The Academic Structure
There are 35 schools every week, each of 40 minutes, chapels and assemblies every morning from 8.35 – 8.50, games and other activities every afternoon, and tutorials and society meetings in the evenings.
All the 40-minute schools are separated by a 10-minute gap to allow boys to move around the large school area at reasonable leisure (sometimes at too much leisure – see Tardy Book). After breakfast, mornings begin at 8:35 with chapel, an assembly or a tutorial meeting. All of these end at 8:50 and school begins at 9:00. After three schools the boys have a mid-morning break and masters meet together for what is called Chambers, a daily meeting for the teaching and senior administrative staff. Two further schools follow, beginning at 11:45, and boys then have a boys’ dinner at 1:15, aiming to be out on the games field or at their next appointment by around 2:20.
Mondays, Wednesdays and Fridays are called whole schooldays. Boys have five schools during the morning, games or perhaps the CCF or Duke of Edinburgh award after boys’ dinner, then a shower (we hope!) and boys' messing (tea) followed by two more schools called After Four and After Five. Most tutorials take place during Quiet Hour on whole schooldays, which runs from 6:15 to 7:30pm.
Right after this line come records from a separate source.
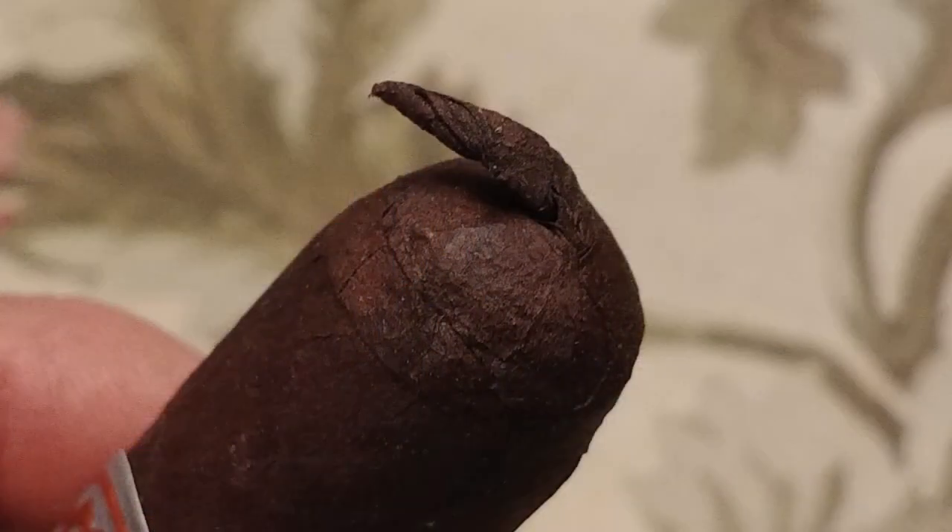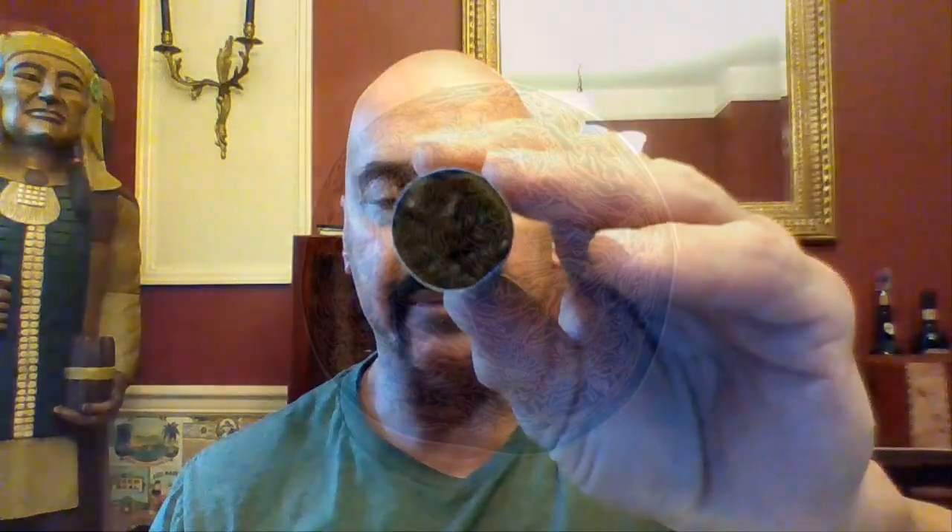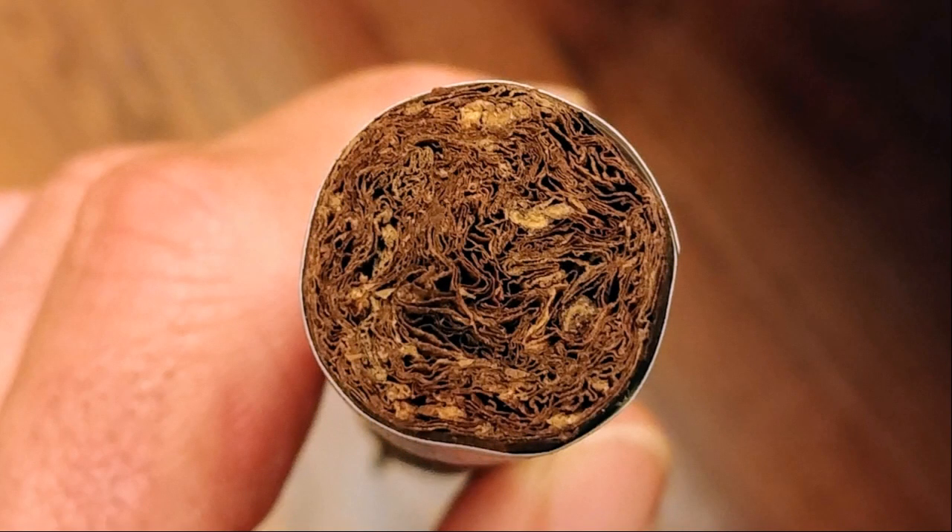Nice little pigtail finishing at the cap. There's your density — that's a pretty good feel in the hand. Very good feel, actually. Now, as a little bit of a history lesson, let me tell you a little bit about the background and the origins of H. Upmann, because it is rather interesting.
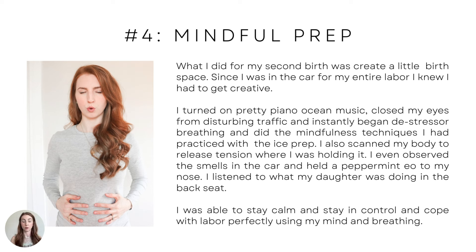I observed the smells in the car — I was holding peppermint essential oil and smelling it, focusing on that scent. I listened to what my daughter was doing in the back seat on her iPad. I was really listening to her music and comments, just bringing awareness to the whole car and not focusing on my contractions. I was able to stay calm and in control and cope with labor perfectly using just my mind and breathing — no labor massages, no TENS unit, no epidural. I simply used my mind and my breath.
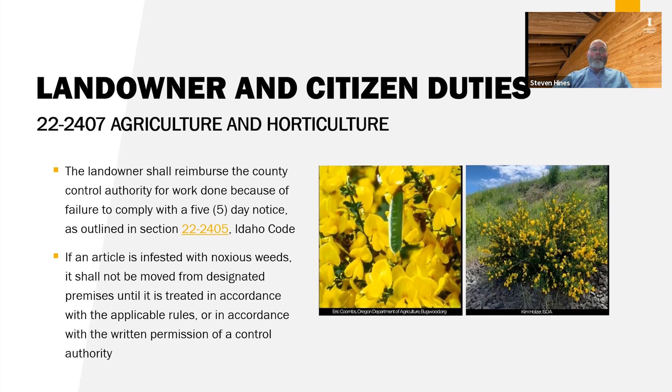What you're looking at here is Scotch broom — a perennial woody shrub that will grow up to 10 feet tall, found mostly in northern Idaho, and it's under the statewide control category. We're going to talk briefly about the different categories of noxious weeds and why they're listed in different categories.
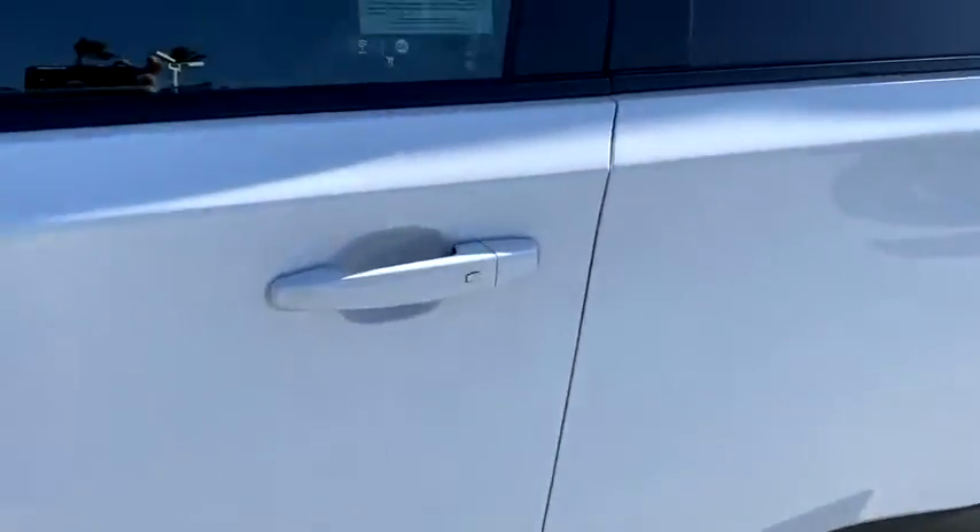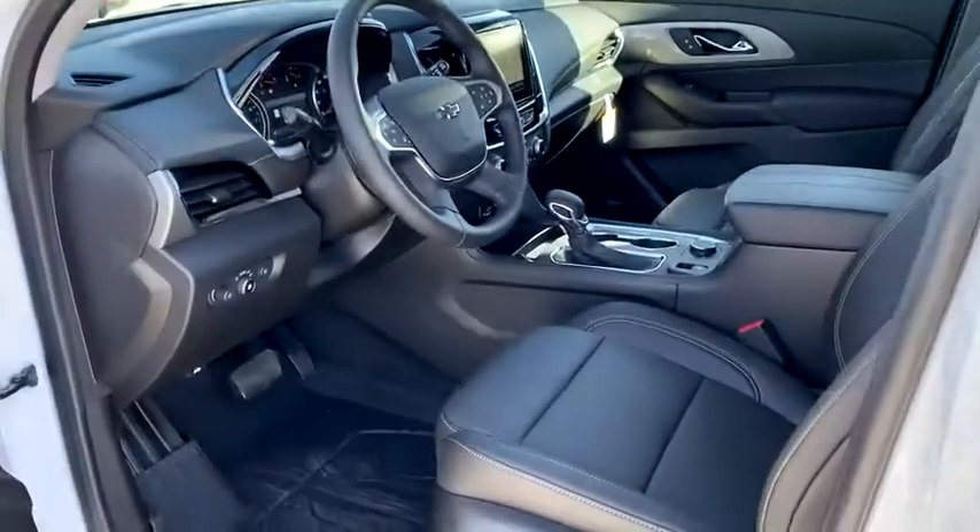A vehicle like this doesn't come along every day. Come in and get it before someone else does.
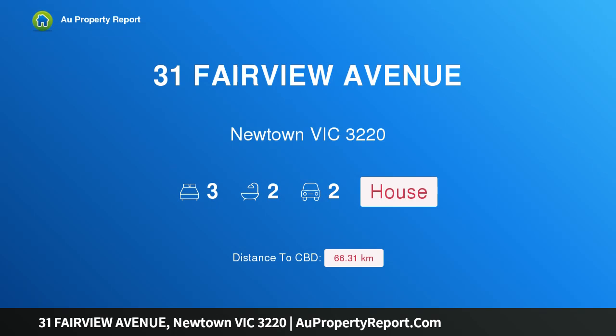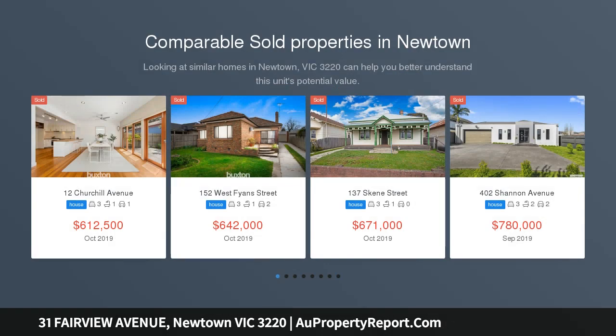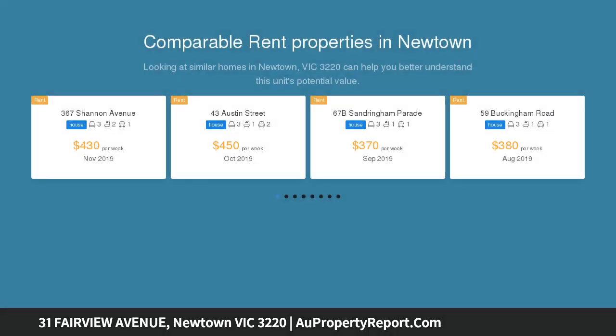Welcome to 31 Fairview Avenue, Newtown, Victoria 3220 — a quality-built home in a blue chip location. Positioned perfectly in the highly sought-after suburb of Newtown and just walking distance to the café district of Packington Street.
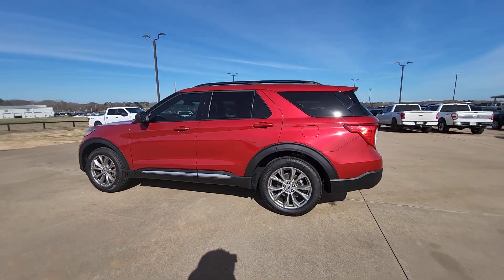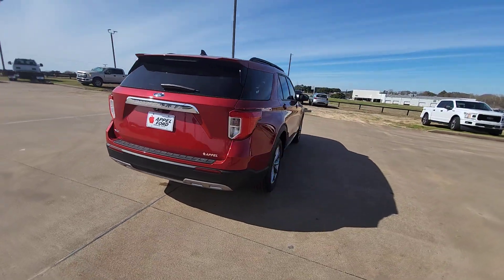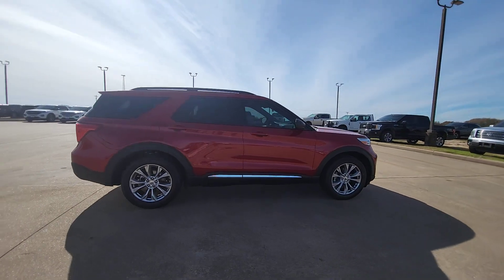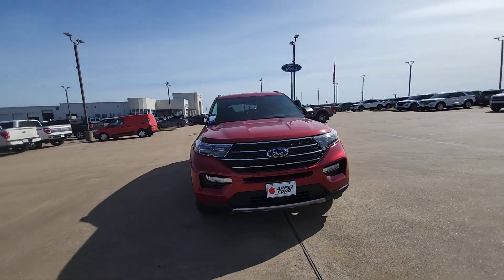Get into the 2023 Ford Explorer. Handsome and rugged, this Explorer delivers solid mid-size SUV versatility. You'll tackle every project and adventure with confidence and style, whether you're towing, off-roading, or building road trip memories.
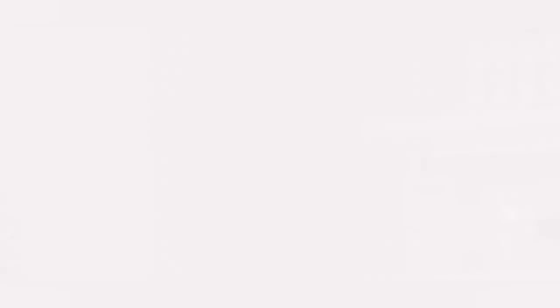Should you have any questions relating to the techniques shown or any other Footlogix Pediceutico products used, we welcome your inquiries.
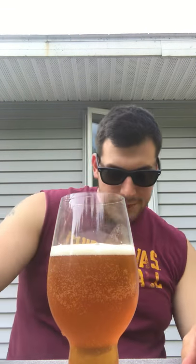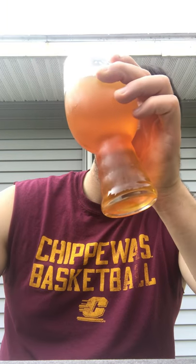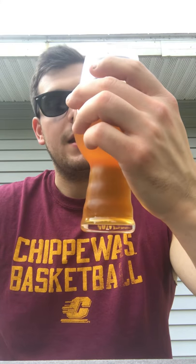Real nice golden honey color, quarter finger of head, carbonation looks nice, bubbles rising to the top pretty rapidly. Almost looks like a lager head on top - real clean, crisp. The head is really just dissipating. Looks like some medium-sized bubbles compacted tightly together and then spreading apart.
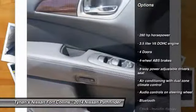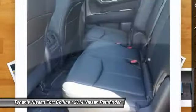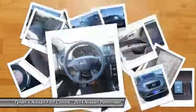Stability control, remote engine start, traction control, airbags, Bluetooth, cruise control, fog lamps, passenger airbag, power windows, heated driver's seat.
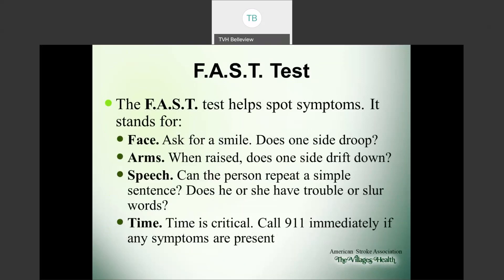The FAST test may help you spot stroke symptoms. F stands for face — ask the person to smile; does one side droop? A stands for arms — have them lift both arms; does one slowly drift down? S is for speech — can the person repeat a simple sentence, or are they slurring words? T stands for time — time is critical. Call 911 if any of these symptoms are present so they can do their evaluation and take over care if needed.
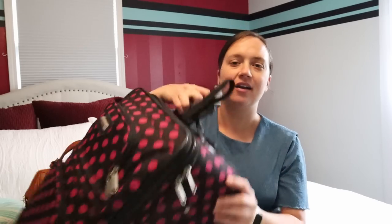Hello everyone and welcome back to my channel. In today's video we are going to be doing my birth center go bag. This is what I am taking.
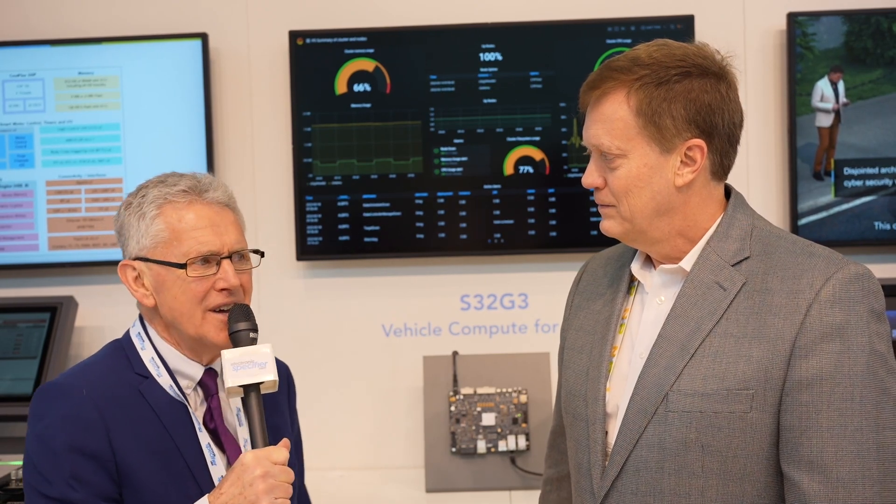This is Mick Elliott from Electronic Specifier, and I'm on the NXP stand with Brian Carlson, who is becoming a regular guest for us, having appeared at Electronica last year and Embedded World last year as well. Great to see you Brian. We're going to talk about software-defined vehicles and the technologies behind that today, so maybe you can start to give us a little bit of background on where NXP is headed in this market.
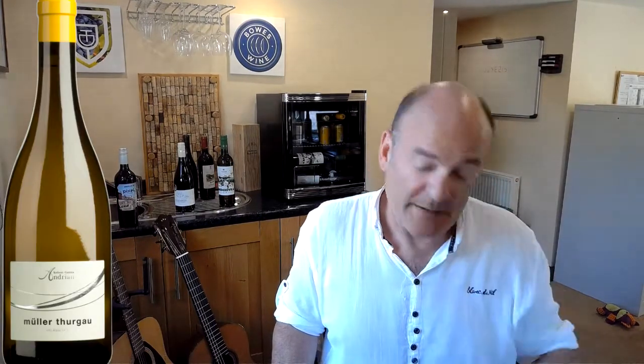So we're right up in the north here, and this is a 2019 Müller-Thurgau. Müller-Thurgau, a Riesling cross.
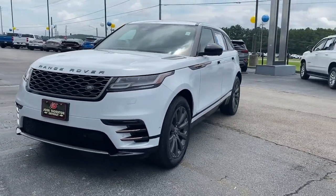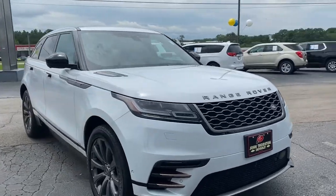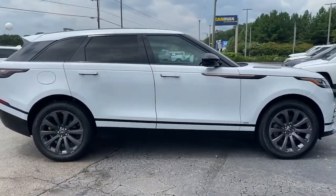Go home happy with the 2018 Land Rover Range Rover Velar. This vehicle still has fewer than 50,000 miles on the clock, so it won't last long.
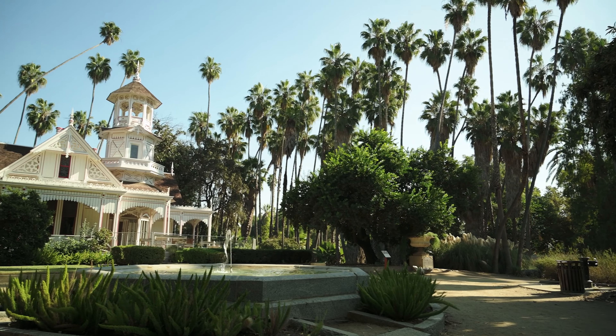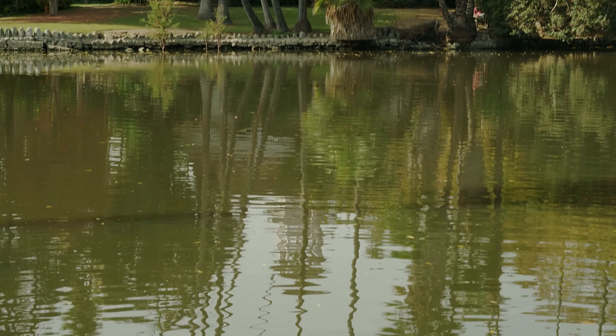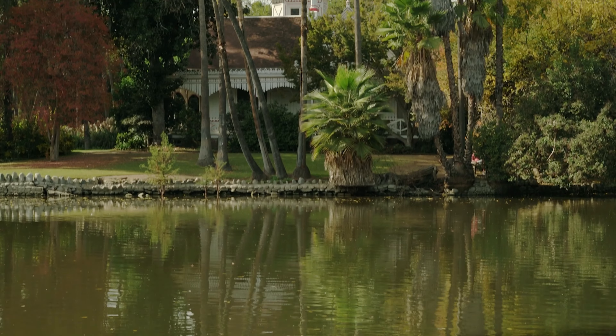I'm Mitchell Hearns Bishop, the Associate Curator for the Nonliving Collections here at the Los Angeles County Arboretum and Botanic Garden. This building will be familiar to many of you from television and film, most notably Fantasy Island. The Parks and Recreation Department actually has a number of really remarkable buildings that we are the custodians for.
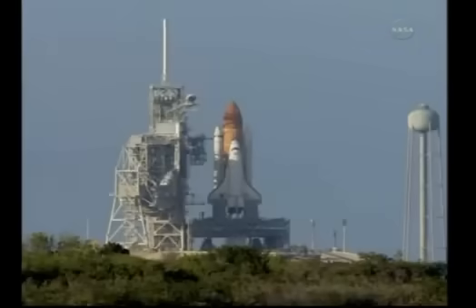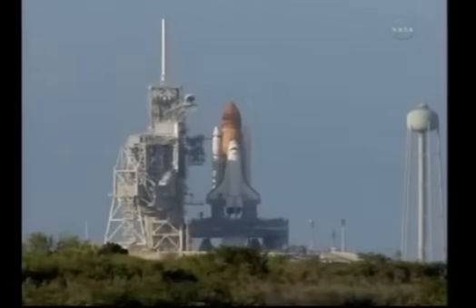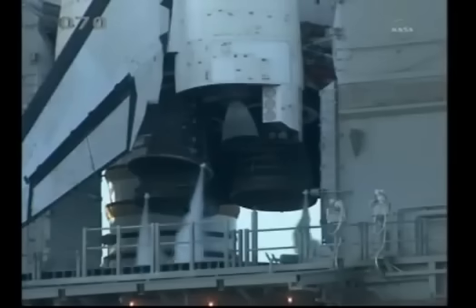We have a go for auto sequence start. Discovery's onboard computers have primary control of all the vehicle's critical functions. 20 seconds. The sound suppression water system has been activated, protecting Discovery and the launch pad from acoustical energy waves.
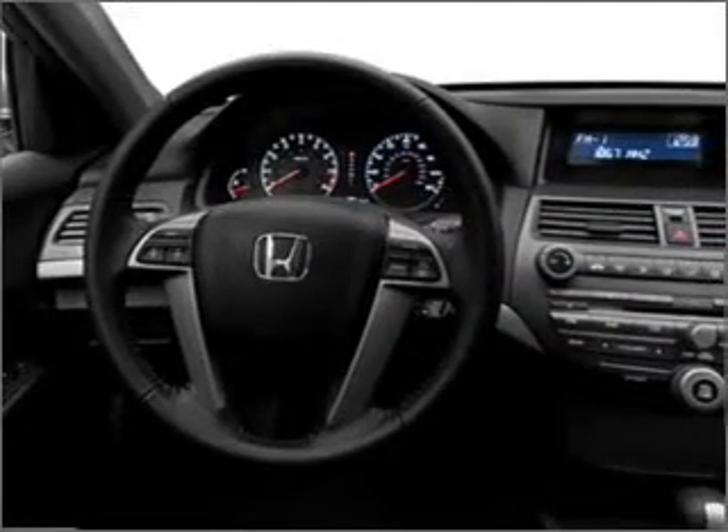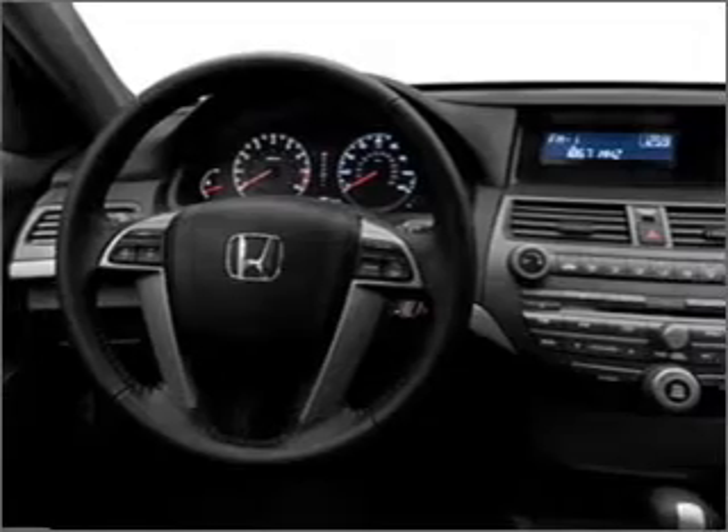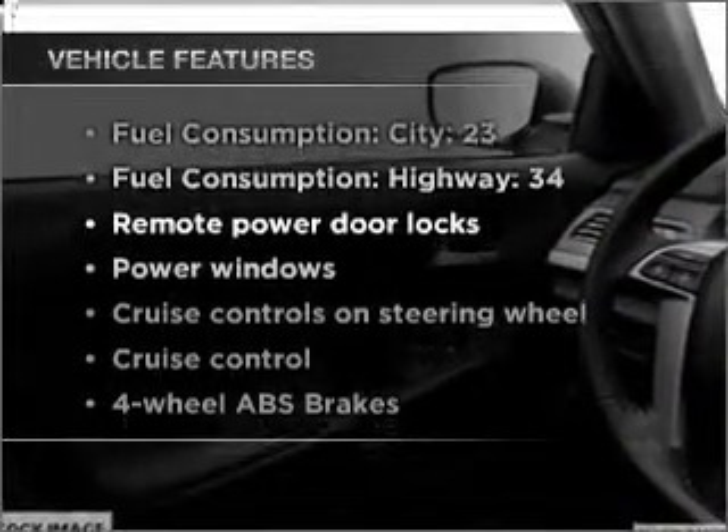Premium wheels give a more luxurious look. You will appreciate the safety feature of Anti-Lock Brakes. And with these notable features, you won't want to miss out on the opportunity to own this amazing ride.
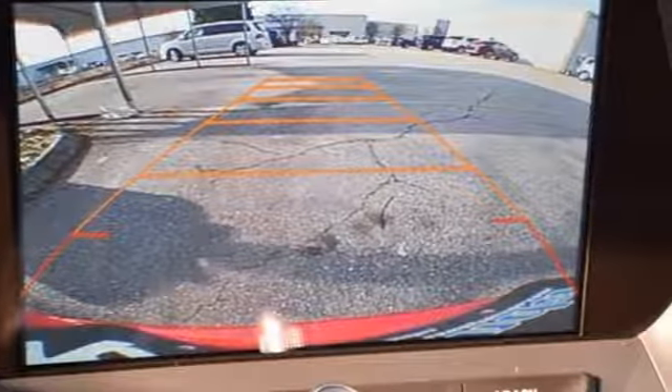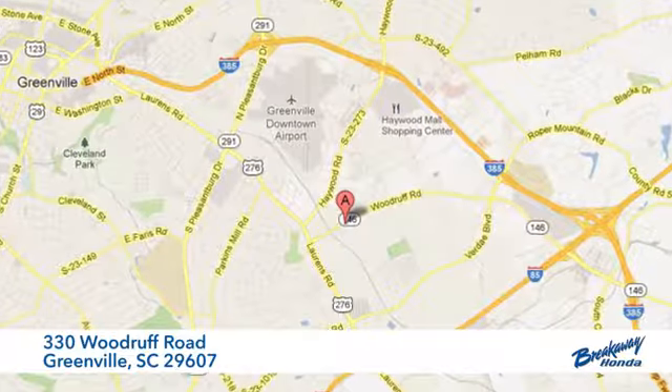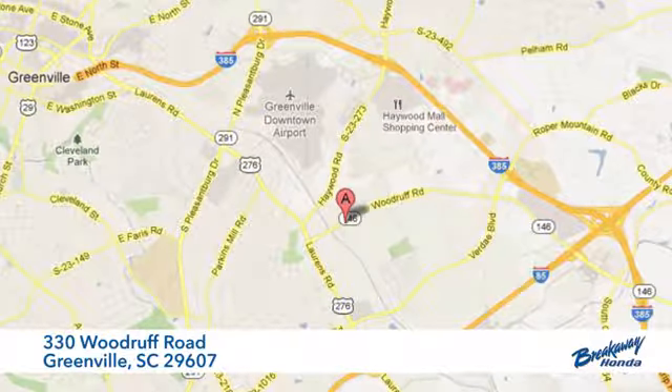Come see how it fits. Call, click or stop in today. We're conveniently located at 330 Woodruff Road in Greenville, South Carolina.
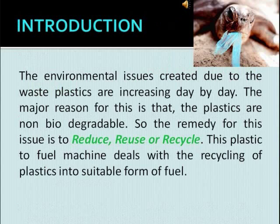The environmental issues created due to waste plastics are increasing day by day. The major reason for this issue is that plastics are non-biodegradable. So the remedy for this issue is to reduce, reuse, or recycle. This plastic-to-fuel machine deals with the recycling of plastics into a suitable form of fuel.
Tuesdays and Thursdays are called Half Holidays, not because boys are idle after boys’ dinner but because games take place afterwards and there is no teaching in the afternoons. Mornings are as for whole schooldays, but games occupy boys between about 2:20 and 4:00pm. Thereafter all sorts of things happen, including Chinese and Arabic, creative writing, music rehearsals and a considerable variety of minor sports.
On Saturday mornings there are four schools, a free school called After Twelve, then boys’ dinner and school sport, usually against other schools, in the afternoon. Some far-away fixtures require boys to miss some or all of morning school to travel to their matches, but all such absences are closely monitored by the Director of Curriculum and the games committee.
Masters wishing to take boys on expeditions that involve missing school must ask permission from the Curriculum Committee; overnight absences require approval from the Tours and Expeditions Committee and preparation of the now-ubiquitous risk assessment.